### Exercise requirements
The answer must be the full listing, repeated word for word.

### Raw data

..............................

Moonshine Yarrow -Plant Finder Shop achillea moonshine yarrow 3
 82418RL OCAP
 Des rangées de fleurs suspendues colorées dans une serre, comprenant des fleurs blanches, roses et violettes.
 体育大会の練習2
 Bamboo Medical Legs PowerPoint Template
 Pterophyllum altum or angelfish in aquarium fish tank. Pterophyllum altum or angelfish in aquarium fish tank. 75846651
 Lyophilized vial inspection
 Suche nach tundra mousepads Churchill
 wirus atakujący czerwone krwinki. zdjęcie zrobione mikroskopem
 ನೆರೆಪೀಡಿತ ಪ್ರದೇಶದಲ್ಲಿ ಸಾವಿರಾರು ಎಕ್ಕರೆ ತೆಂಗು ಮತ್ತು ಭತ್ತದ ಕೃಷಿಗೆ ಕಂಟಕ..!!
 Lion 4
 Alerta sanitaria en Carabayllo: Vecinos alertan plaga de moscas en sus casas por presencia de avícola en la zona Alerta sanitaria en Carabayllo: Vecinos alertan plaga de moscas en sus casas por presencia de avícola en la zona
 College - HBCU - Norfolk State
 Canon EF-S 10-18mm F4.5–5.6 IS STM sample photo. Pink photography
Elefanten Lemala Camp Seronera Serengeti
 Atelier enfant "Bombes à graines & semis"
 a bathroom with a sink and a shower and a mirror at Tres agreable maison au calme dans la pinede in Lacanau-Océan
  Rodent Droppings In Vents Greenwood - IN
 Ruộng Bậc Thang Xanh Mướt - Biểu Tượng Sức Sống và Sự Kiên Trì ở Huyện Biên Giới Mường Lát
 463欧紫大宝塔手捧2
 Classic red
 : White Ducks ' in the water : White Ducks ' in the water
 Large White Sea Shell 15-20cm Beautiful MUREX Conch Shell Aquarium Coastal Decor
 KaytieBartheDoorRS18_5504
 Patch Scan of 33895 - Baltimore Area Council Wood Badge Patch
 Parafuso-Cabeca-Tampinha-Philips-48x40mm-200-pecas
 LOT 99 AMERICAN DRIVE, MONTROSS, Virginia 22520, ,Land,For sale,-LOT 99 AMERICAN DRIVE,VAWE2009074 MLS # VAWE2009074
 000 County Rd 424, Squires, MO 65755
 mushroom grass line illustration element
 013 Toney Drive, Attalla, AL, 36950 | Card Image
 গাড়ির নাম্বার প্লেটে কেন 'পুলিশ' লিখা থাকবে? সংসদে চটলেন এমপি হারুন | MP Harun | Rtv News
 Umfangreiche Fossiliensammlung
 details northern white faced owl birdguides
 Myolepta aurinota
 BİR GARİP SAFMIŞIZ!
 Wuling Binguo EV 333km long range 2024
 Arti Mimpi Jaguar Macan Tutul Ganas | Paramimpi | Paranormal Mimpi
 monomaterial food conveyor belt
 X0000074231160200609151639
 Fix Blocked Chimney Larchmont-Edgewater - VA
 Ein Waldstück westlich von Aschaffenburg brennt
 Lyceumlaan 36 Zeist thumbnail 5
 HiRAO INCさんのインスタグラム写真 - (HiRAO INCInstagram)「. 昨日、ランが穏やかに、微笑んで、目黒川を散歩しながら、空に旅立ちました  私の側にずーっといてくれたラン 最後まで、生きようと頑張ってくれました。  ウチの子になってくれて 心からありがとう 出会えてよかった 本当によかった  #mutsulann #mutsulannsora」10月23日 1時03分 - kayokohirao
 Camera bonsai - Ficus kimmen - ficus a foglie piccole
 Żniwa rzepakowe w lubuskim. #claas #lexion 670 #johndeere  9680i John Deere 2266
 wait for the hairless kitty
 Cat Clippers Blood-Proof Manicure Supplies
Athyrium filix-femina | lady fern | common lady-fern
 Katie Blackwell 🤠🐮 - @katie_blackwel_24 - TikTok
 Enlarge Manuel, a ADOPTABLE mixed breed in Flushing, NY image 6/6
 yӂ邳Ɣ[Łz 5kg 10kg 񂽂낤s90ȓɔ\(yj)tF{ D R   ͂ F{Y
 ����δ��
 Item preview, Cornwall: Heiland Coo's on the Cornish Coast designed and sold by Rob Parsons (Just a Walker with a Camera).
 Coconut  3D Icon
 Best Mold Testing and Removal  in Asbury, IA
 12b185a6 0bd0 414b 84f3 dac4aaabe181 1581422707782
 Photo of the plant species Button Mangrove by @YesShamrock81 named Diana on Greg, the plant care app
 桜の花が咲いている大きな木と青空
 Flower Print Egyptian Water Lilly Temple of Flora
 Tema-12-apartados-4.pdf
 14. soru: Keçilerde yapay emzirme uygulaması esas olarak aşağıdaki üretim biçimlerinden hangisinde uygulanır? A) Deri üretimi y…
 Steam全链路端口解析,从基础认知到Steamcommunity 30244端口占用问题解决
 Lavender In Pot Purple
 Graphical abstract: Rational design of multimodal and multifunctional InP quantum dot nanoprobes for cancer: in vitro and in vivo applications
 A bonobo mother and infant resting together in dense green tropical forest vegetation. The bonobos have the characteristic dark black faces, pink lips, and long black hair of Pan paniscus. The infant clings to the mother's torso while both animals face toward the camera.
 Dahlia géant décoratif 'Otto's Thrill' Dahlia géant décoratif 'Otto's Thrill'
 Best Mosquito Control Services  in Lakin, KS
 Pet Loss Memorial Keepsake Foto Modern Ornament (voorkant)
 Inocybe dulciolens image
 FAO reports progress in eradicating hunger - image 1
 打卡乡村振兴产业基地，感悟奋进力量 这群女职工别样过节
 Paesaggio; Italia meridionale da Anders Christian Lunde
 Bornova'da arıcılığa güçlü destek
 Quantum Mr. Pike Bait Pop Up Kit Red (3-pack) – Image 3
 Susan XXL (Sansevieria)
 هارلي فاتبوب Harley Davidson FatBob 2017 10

..............................

### Exercise answer
Moonshine Yarrow -Plant Finder Shop achillea moonshine yarrow 3
 82418RL OCAP
 Des rangées de fleurs suspendues colorées dans une serre, comprenant des fleurs blanches, roses et violettes.
 体育大会の練習2
 Bamboo Medical Legs PowerPoint Template
 Pterophyllum altum or angelfish in aquarium fish tank. Pterophyllum altum or angelfish in aquarium fish tank. 75846651
 Lyophilized vial inspection
 Suche nach tundra mousepads Churchill
 wirus atakujący czerwone krwinki. zdjęcie zrobione mikroskopem
 ನೆರೆಪೀಡಿತ ಪ್ರದೇಶದಲ್ಲಿ ಸಾವಿರಾರು ಎಕ್ಕರೆ ತೆಂಗು ಮತ್ತು ಭತ್ತದ ಕೃಷಿಗೆ ಕಂಟಕ..!!
 Lion 4
 Alerta sanitaria en Carabayllo: Vecinos alertan plaga de moscas en sus casas por presencia de avícola en la zona Alerta sanitaria en Carabayllo: Vecinos alertan plaga de moscas en sus casas por presencia de avícola en la zona
 College - HBCU - Norfolk State
 Canon EF-S 10-18mm F4.5–5.6 IS STM sample photo. Pink photography
Elefanten Lemala Camp Seronera Serengeti
 Atelier enfant "Bombes à graines & semis"
 a bathroom with a sink and a shower and a mirror at Tres agreable maison au calme dans la pinede in Lacanau-Océan
  Rodent Droppings In Vents Greenwood - IN
 Ruộng Bậc Thang Xanh Mướt - Biểu Tượng Sức Sống và Sự Kiên Trì ở Huyện Biên Giới Mường Lát
 463欧紫大宝塔手捧2
 Classic red
 : White Ducks ' in the water : White Ducks ' in the water
 Large White Sea Shell 15-20cm Beautiful MUREX Conch Shell Aquarium Coastal Decor
 KaytieBartheDoorRS18_5504
 Patch Scan of 33895 - Baltimore Area Council Wood Badge Patch
 Parafuso-Cabeca-Tampinha-Philips-48x40mm-200-pecas
 LOT 99 AMERICAN DRIVE, MONTROSS, Virginia 22520, ,Land,For sale,-LOT 99 AMERICAN DRIVE,VAWE2009074 MLS # VAWE2009074
 000 County Rd 424, Squires, MO 65755
 mushroom grass line illustration element
 013 Toney Drive, Attalla, AL, 36950 | Card Image
 গাড়ির নাম্বার প্লেটে কেন 'পুলিশ' লিখা থাকবে? সংসদে চটলেন এমপি হারুন | MP Harun | Rtv News
 Umfangreiche Fossiliensammlung
 details northern white faced owl birdguides
 Myolepta aurinota
 BİR GARİP SAFMIŞIZ!
 Wuling Binguo EV 333km long range 2024
 Arti Mimpi Jaguar Macan Tutul Ganas | Paramimpi | Paranormal Mimpi
 monomaterial food conveyor belt
 X0000074231160200609151639
 Fix Blocked Chimney Larchmont-Edgewater - VA
 Ein Waldstück westlich von Aschaffenburg brennt
 Lyceumlaan 36 Zeist thumbnail 5
 HiRAO INCさんのインスタグラム写真 - (HiRAO INCInstagram)「. 昨日、ランが穏やかに、微笑んで、目黒川を散歩しながら、空に旅立ちました  私の側にずーっといてくれたラン 最後まで、生きようと頑張ってくれました。  ウチの子になってくれて 心からありがとう 出会えてよかった 本当によかった  #mutsulann #mutsulannsora」10月23日 1時03分 - kayokohirao
 Camera bonsai - Ficus kimmen - ficus a foglie piccole
 Żniwa rzepakowe w lubuskim. #claas #lexion 670 #johndeere  9680i John Deere 2266
 wait for the hairless kitty
 Cat Clippers Blood-Proof Manicure Supplies
Athyrium filix-femina | lady fern | common lady-fern
 Katie Blackwell 🤠🐮 - @katie_blackwel_24 - TikTok
 Enlarge Manuel, a ADOPTABLE mixed breed in Flushing, NY image 6/6
 yӂ邳Ɣ[Łz 5kg 10kg 񂽂낤s90ȓɔ\(yj)tF{ D R   ͂ F{Y
 ����δ��
 Item preview, Cornwall: Heiland Coo's on the Cornish Coast designed and sold by Rob Parsons (Just a Walker with a Camera).
 Coconut  3D Icon
 Best Mold Testing and Removal  in Asbury, IA
 12b185a6 0bd0 414b 84f3 dac4aaabe181 1581422707782
 Photo of the plant species Button Mangrove by @YesShamrock81 named Diana on Greg, the plant care app
 桜の花が咲いている大きな木と青空
 Flower Print Egyptian Water Lilly Temple of Flora
 Tema-12-apartados-4.pdf
 14. soru: Keçilerde yapay emzirme uygulaması esas olarak aşağıdaki üretim biçimlerinden hangisinde uygulanır? A) Deri üretimi y…
 Steam全链路端口解析,从基础认知到Steamcommunity 30244端口占用问题解决
 Lavender In Pot Purple
 Graphical abstract: Rational design of multimodal and multifunctional InP quantum dot nanoprobes for cancer: in vitro and in vivo applications
 A bonobo mother and infant resting together in dense green tropical forest vegetation. The bonobos have the characteristic dark black faces, pink lips, and long black hair of Pan paniscus. The infant clings to the mother's torso while both animals face toward the camera.
 Dahlia géant décoratif 'Otto's Thrill' Dahlia géant décoratif 'Otto's Thrill'
 Best Mosquito Control Services  in Lakin, KS
 Pet Loss Memorial Keepsake Foto Modern Ornament (voorkant)
 Inocybe dulciolens image
 FAO reports progress in eradicating hunger - image 1
 打卡乡村振兴产业基地，感悟奋进力量 这群女职工别样过节
 Paesaggio; Italia meridionale da Anders Christian Lunde
 Bornova'da arıcılığa güçlü destek
 Quantum Mr. Pike Bait Pop Up Kit Red (3-pack) – Image 3
 Susan XXL (Sansevieria)
 هارلي فاتبوب Harley Davidson FatBob 2017 10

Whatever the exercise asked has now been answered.